*** Data for review Section Begins ***
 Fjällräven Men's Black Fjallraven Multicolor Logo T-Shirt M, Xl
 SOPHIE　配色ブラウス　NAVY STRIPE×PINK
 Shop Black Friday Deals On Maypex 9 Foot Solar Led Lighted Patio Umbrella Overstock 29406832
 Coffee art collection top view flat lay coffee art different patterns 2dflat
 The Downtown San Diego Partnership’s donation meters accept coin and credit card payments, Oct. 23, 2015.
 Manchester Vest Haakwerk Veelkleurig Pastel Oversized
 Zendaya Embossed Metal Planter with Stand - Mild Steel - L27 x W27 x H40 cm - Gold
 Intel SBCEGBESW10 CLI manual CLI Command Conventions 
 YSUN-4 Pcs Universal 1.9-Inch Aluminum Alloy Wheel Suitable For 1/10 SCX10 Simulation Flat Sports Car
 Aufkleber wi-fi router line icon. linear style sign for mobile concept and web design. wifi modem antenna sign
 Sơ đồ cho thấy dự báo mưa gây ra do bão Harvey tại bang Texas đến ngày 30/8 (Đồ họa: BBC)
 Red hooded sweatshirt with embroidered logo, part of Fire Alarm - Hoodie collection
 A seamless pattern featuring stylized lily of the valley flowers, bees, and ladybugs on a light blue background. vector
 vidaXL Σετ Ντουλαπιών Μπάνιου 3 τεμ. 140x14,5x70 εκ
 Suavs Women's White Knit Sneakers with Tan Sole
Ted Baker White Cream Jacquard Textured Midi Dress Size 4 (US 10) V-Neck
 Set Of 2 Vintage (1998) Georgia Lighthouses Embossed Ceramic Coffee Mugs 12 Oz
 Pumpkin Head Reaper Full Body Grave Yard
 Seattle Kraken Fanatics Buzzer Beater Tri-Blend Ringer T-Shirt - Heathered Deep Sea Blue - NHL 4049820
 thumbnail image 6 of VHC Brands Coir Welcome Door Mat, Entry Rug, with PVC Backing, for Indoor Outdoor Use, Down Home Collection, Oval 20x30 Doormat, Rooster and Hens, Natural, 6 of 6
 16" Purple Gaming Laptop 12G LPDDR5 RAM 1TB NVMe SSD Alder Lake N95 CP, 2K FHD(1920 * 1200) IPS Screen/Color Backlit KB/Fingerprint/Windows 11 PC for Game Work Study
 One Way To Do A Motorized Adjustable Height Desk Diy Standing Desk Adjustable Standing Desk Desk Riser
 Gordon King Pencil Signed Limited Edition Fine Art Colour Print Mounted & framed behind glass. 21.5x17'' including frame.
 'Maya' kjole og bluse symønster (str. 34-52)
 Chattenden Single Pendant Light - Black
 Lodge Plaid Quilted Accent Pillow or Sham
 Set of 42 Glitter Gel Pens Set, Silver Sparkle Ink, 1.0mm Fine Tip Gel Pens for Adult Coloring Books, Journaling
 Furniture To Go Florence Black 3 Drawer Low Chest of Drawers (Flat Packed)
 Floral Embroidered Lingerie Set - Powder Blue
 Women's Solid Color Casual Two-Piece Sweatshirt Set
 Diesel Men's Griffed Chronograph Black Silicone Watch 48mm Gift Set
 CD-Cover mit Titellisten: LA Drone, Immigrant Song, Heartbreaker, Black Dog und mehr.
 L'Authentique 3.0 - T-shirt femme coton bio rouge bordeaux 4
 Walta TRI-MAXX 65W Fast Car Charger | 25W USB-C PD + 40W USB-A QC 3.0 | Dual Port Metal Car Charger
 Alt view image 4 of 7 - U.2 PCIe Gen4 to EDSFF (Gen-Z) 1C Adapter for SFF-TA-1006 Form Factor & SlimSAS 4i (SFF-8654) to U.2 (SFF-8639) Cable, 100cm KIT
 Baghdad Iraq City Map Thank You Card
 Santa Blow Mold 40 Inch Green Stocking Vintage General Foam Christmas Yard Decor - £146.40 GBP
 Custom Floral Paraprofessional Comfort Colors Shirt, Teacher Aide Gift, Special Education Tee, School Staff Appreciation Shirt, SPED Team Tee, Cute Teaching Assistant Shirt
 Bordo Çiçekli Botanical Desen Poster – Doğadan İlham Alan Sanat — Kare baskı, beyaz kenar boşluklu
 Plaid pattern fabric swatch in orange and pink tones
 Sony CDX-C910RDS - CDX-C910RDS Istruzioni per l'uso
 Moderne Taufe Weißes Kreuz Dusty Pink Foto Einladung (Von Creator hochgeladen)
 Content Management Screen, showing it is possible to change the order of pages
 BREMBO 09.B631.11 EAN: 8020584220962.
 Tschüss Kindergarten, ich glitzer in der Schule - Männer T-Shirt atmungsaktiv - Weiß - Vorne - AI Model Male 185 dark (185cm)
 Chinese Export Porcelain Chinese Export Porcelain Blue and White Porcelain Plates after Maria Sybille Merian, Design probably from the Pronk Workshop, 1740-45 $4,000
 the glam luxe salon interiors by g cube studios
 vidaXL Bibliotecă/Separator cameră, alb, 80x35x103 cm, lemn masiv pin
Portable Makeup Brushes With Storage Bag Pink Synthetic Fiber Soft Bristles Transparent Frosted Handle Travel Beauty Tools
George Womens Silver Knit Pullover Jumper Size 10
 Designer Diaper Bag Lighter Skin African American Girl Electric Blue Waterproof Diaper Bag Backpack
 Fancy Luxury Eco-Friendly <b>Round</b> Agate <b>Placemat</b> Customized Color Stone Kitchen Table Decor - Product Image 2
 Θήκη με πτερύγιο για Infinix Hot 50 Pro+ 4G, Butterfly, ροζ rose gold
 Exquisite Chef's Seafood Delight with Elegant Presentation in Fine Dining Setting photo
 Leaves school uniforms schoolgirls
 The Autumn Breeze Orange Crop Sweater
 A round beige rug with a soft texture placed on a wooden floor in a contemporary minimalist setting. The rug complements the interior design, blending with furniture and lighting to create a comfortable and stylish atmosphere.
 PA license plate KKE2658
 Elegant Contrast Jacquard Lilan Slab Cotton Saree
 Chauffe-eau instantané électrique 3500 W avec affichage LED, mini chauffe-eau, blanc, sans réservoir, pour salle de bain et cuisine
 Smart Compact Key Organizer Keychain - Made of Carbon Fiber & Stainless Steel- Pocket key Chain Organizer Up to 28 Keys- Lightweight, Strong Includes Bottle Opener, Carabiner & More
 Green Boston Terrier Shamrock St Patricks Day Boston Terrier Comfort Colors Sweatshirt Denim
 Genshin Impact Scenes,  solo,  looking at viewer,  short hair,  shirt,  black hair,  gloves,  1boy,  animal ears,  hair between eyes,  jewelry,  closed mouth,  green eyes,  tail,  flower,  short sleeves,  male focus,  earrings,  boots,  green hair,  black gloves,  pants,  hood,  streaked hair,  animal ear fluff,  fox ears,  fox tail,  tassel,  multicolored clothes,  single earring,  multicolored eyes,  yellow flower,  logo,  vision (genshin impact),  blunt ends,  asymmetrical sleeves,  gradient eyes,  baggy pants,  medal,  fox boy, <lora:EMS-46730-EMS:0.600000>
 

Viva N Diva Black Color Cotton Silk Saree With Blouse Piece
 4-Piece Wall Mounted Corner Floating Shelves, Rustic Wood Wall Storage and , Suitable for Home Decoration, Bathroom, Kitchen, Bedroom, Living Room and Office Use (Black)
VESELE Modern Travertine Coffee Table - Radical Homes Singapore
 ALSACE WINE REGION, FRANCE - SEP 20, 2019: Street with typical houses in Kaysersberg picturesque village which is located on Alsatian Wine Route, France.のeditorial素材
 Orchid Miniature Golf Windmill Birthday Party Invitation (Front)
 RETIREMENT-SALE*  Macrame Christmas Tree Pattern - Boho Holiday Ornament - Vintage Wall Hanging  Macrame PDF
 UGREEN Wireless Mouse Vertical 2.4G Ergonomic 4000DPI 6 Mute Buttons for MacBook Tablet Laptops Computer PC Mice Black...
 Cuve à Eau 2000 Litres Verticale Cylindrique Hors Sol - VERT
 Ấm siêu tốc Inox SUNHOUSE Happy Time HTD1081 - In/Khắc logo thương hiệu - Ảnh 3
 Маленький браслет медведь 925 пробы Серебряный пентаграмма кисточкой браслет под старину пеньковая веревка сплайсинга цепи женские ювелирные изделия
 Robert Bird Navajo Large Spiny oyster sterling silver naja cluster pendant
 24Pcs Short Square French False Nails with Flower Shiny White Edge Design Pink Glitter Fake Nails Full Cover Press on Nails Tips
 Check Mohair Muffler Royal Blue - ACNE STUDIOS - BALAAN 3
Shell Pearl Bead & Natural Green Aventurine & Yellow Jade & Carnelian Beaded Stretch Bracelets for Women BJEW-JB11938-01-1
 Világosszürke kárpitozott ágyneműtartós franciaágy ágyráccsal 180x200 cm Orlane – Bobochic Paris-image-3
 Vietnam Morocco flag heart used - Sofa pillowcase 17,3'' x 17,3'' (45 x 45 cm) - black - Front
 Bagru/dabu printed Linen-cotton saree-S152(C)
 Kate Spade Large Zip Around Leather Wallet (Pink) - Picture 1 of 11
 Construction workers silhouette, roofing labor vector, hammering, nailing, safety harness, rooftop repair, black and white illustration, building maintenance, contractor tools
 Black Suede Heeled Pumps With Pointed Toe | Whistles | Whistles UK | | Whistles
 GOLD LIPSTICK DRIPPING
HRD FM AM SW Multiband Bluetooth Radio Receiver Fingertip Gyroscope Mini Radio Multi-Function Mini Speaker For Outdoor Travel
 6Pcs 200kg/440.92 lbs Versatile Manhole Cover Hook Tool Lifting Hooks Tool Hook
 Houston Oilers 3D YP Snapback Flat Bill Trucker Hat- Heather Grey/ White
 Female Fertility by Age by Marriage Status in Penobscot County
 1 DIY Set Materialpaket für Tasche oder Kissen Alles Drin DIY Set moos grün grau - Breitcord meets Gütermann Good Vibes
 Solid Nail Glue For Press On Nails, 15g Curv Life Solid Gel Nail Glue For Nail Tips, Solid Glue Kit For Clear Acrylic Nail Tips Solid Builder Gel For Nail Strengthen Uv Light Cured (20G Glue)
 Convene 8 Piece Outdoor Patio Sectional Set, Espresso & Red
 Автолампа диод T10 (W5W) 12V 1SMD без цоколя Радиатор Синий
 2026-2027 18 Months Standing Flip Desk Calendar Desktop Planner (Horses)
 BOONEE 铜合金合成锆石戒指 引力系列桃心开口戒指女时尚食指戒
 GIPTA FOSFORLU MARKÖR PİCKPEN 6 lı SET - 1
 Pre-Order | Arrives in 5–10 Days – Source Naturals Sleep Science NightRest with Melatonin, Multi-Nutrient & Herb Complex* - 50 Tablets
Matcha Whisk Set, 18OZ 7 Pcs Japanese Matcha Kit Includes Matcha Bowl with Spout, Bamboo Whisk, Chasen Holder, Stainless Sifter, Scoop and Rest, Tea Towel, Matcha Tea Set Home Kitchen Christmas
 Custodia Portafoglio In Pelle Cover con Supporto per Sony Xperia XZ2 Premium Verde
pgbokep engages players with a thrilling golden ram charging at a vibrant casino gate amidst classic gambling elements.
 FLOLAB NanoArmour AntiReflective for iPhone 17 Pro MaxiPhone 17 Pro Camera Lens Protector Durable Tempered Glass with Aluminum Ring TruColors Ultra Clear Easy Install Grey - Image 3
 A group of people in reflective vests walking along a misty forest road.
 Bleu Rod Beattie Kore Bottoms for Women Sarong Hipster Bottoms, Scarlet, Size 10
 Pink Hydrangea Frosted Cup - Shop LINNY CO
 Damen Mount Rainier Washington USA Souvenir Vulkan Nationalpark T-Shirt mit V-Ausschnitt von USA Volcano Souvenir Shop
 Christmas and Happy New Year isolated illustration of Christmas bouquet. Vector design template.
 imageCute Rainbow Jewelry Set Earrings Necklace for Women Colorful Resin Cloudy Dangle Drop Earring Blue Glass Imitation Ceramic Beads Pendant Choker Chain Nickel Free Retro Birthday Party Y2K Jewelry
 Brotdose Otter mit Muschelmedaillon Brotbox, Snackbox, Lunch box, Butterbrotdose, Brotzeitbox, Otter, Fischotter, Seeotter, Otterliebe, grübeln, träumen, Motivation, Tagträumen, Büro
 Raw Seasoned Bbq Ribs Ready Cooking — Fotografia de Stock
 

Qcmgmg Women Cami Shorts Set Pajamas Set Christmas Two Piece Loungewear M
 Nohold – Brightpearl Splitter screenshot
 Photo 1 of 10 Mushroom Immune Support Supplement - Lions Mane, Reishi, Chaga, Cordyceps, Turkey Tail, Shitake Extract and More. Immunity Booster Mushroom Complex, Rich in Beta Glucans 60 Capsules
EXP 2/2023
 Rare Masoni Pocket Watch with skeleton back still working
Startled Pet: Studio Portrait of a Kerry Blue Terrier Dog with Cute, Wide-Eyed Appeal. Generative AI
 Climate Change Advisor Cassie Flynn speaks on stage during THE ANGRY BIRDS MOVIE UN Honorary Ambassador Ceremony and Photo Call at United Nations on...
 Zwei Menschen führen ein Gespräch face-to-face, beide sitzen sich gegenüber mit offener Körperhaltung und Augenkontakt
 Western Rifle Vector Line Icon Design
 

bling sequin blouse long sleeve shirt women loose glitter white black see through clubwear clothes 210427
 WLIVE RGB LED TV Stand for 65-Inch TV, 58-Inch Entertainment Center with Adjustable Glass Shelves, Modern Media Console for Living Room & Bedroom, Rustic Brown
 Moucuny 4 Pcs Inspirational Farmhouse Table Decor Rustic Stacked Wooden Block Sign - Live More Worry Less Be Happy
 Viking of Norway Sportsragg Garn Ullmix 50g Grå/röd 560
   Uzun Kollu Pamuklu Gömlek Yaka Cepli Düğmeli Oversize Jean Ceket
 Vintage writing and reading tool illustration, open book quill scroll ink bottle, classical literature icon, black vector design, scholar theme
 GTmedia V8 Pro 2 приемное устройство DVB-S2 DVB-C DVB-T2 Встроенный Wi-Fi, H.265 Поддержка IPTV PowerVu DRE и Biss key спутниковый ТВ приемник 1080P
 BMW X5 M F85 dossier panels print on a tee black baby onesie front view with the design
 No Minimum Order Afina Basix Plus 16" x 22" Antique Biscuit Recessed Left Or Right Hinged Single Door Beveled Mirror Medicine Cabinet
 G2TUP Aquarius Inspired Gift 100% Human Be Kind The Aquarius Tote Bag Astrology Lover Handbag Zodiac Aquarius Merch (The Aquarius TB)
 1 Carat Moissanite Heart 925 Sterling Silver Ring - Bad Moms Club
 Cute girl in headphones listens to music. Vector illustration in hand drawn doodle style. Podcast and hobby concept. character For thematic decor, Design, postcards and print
*** Data for review Section Ends ***
Requirement ->
From the records above, print exactly the lines that run from the line with "Macrame Christmas Tree" to the line with "Check Mohair Muffler", inclusive.

Result for this task ->
 RETIREMENT-SALE*  Macrame Christmas Tree Pattern - Boho Holiday Ornament - Vintage Wall Hanging  Macrame PDF
 UGREEN Wireless Mouse Vertical 2.4G Ergonomic 4000DPI 6 Mute Buttons for MacBook Tablet Laptops Computer PC Mice Black...
 Cuve à Eau 2000 Litres Verticale Cylindrique Hors Sol - VERT
 Ấm siêu tốc Inox SUNHOUSE Happy Time HTD1081 - In/Khắc logo thương hiệu - Ảnh 3
 Маленький браслет медведь 925 пробы Серебряный пентаграмма кисточкой браслет под старину пеньковая веревка сплайсинга цепи женские ювелирные изделия
 Robert Bird Navajo Large Spiny oyster sterling silver naja cluster pendant
 24Pcs Short Square French False Nails with Flower Shiny White Edge Design Pink Glitter Fake Nails Full Cover Press on Nails Tips
 Check Mohair Muffler Royal Blue - ACNE STUDIOS - BALAAN 3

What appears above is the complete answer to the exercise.